An obvious lowlight for whistleblower protections in the government is the lack of protections within the intelligence community. Whistleblowers handling classified information have very limited legal channels through which to report wrongdoing—a gap in protections that has been noted by Edward Snowden and has affected other NSA whistleblowers such as Tom Drake. Presidential Policy Directive 19 aims to cover whistleblowers with security clearances, but the directive is an internal system without independent oversight or adjudication. It also does not explicitly cover intelligence community contractors.
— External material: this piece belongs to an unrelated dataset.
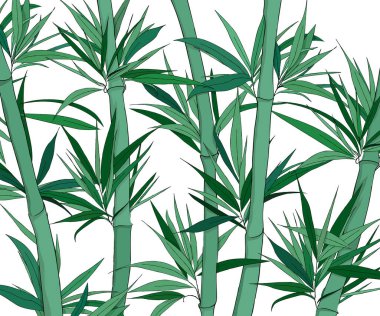 Hand drawn bamboo forest vector sketch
Reports on implementation have been slow to surface.

However, thanks to Senators Susan Collins (R-Maine) and Ron Wyden (D-Ore.), the Senate Select Committee on Intelligence included some protections for national security and intelligence community whistleblowers in the Intelligence Authorization Act for Fiscal Year 2014. The proposed reforms would provide statutory protections for those with security clearances or access to classified information—a real first. The bill is currently being reconciled with the House version and hopefully will soon become law.

A development involving “national security sensitive” positions is particularly troubling. The deeply flawed Kaplan v. Conyers, Northover, and MSPB court decision stripped federal employees of their right to appeal a personnel action—which may even include discrimination or retaliation for whistleblowing. The court held that federal agencies have unlimited discretion to take adverse actions pertaining to the eligibility to occupy a national security position without any review. In the wake of this decision, agencies may abuse the designation of “national security sensitive” to strip employees’ rights to blow the whistle, even if the employees are not accessing classified material.

Following the decision, POGO’s Angela Canterbury testified before the Senate Homeland Security and Governmental Affairs Subcommittee on Efficiency and Effectiveness of Federal Programs and the Federal Workforce. In her testimony, Canterbury called for congressional action, saying, “It’s time for Congress to be far less deferential to this Administration and others on claims of national security that undermine our liberties and cloak wrongdoing. Congress must assert its constitutional powers to restore the balance between the branches of government.”

Bipartisan legislation introduced in the House by Delegate Eleanor Holmes Norton (D-D.C.) and seven cosponsors, H.R. 3278, and in the Senate by Senator Jon Tester (D-Mont.) with original cosponsors Senators Grassley and Claire McCaskill (D-Mo.), S. 1809, aims to do just that. The reform would reverse the activist court decision, clarifying the civil service and whistleblower protections Congress always intended.

In a press release from the Make It Safe Coalition celebrating the 25th anniversary of the WPA’s passage, Canterbury notes:

Today marks a quarter-century of a landmark law that promises to protect all Americans and their tax dollars by preventing the suppression of government wrongdoing and the intimidation of truthtellers. But all federal workers still do not have a fighting chance at justice when they suffer for having blown the whistle on waste, fraud, and abuse. In spite of critical recent reforms with extraordinary, bipartisan support for whistleblower protections—more must be done. In particular, our national security workforce—including contractors—must have real protections for making legal disclosures of wrongdoing.

To fully honor the strides made in the Whistleblower Protection Act 25 years ago, we need to continue to fight for the rights of all whistleblowers, not just some.